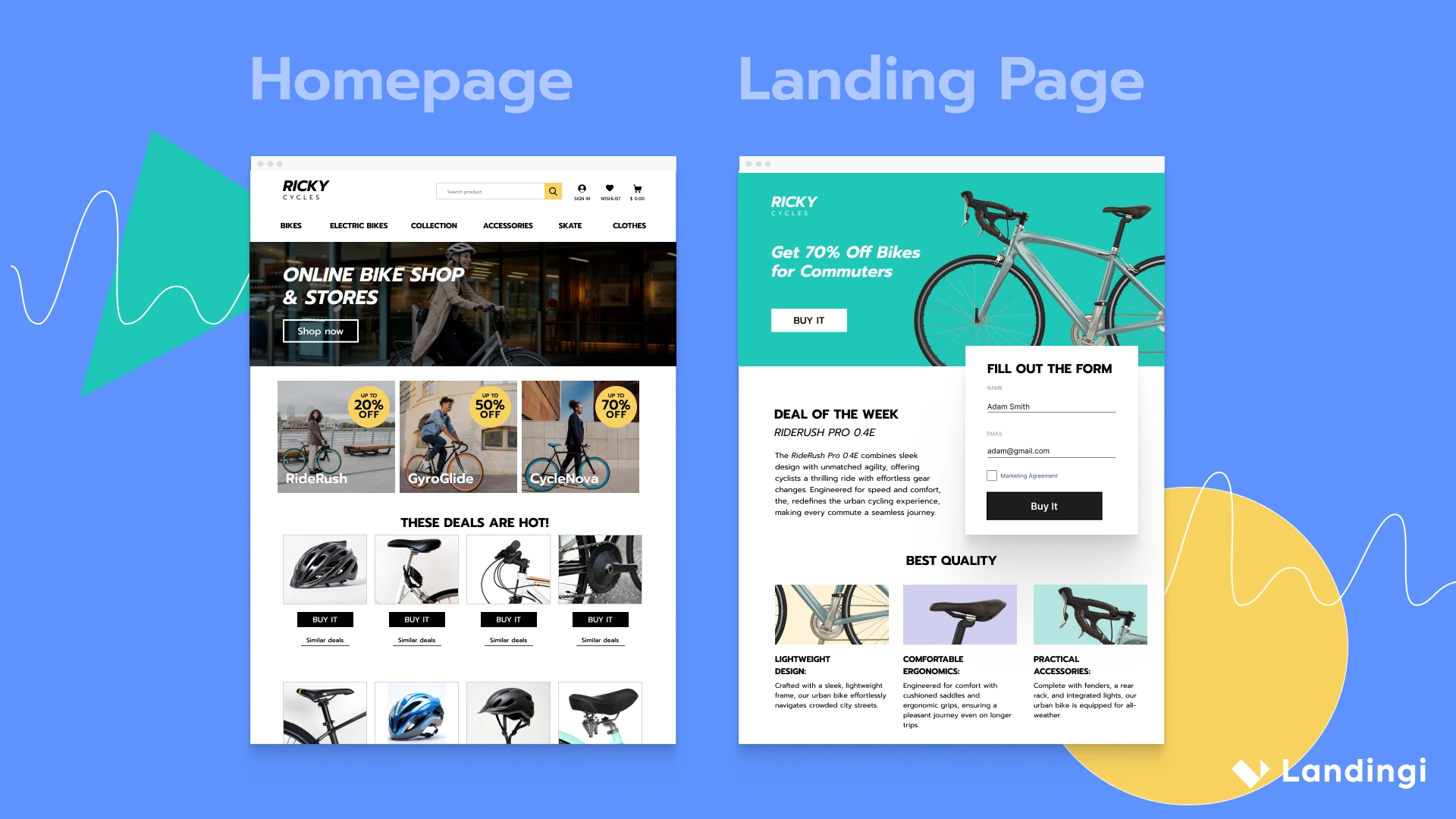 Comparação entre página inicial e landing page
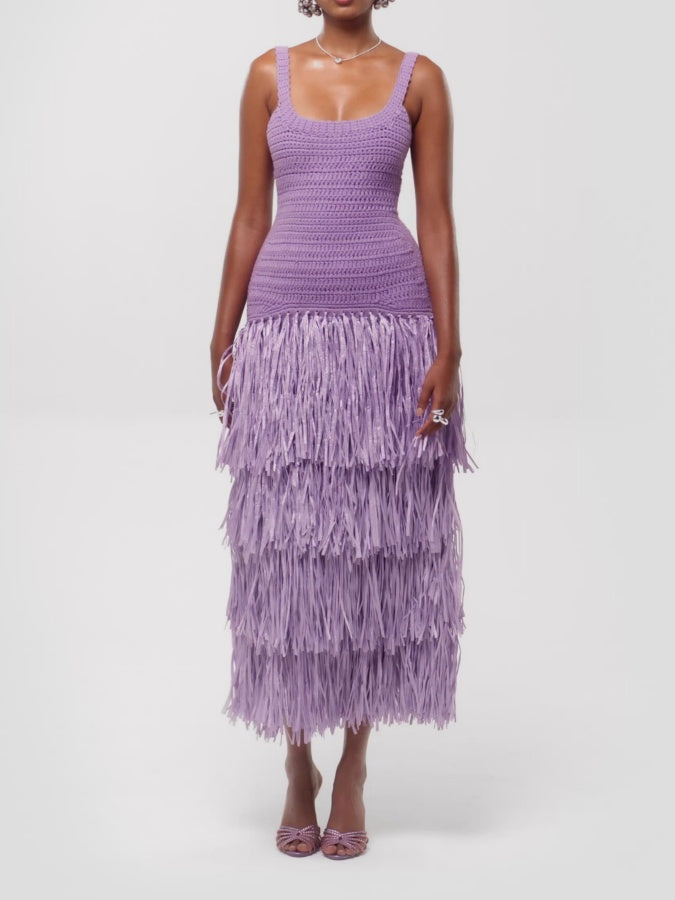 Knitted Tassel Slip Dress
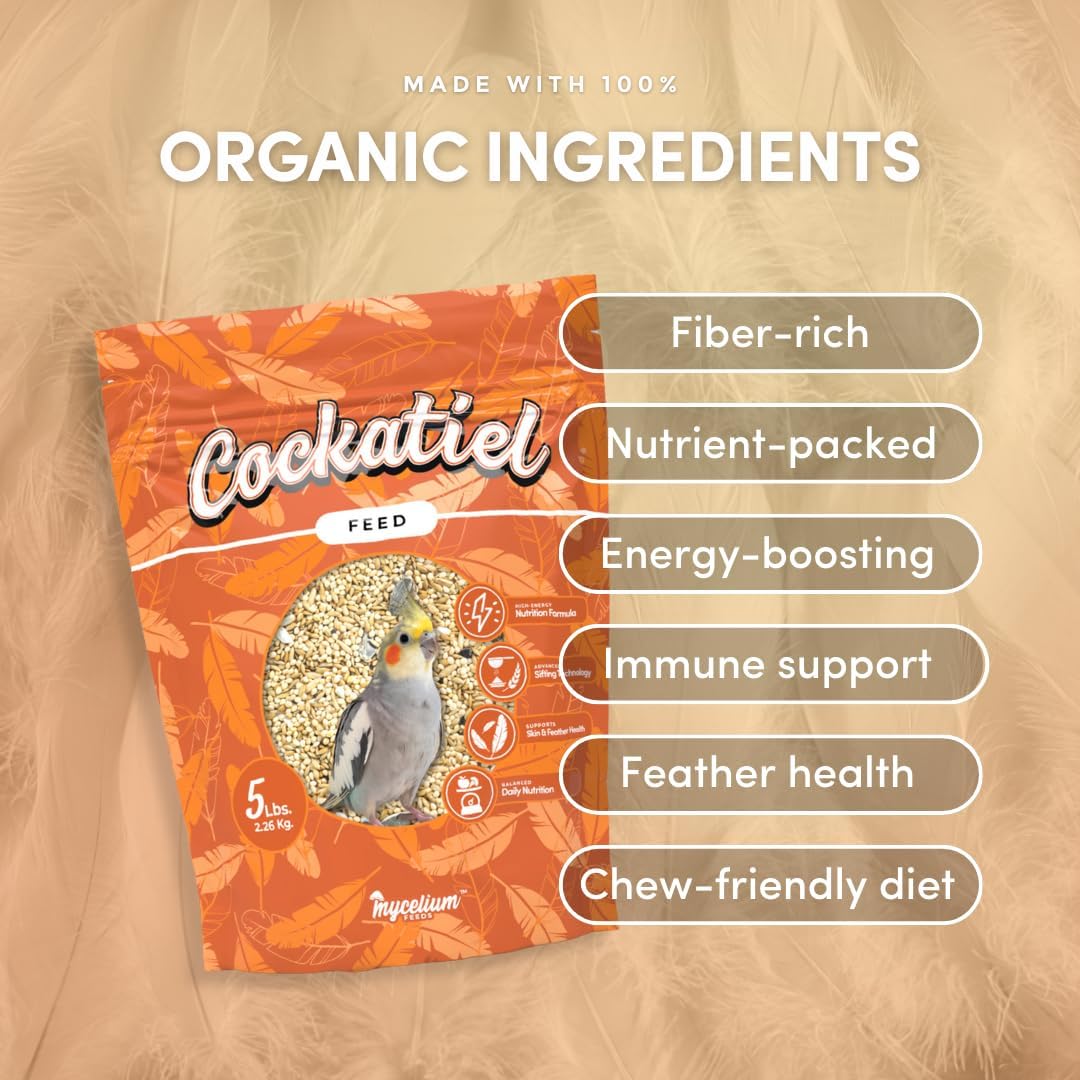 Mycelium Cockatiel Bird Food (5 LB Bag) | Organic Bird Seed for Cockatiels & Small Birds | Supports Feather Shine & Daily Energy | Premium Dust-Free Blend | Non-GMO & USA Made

::::

• _Instructions for the task_
Your task is to set down each line above verbatim while excluding the pictures.

• _Problem solution_
 Comparação entre página inicial e landing page
 Knitted Tassel Slip Dress
 Mycelium Cockatiel Bird Food (5 LB Bag) | Organic Bird Seed for Cockatiels & Small Birds | Supports Feather Shine & Daily Energy | Premium Dust-Free Blend | Non-GMO & USA Made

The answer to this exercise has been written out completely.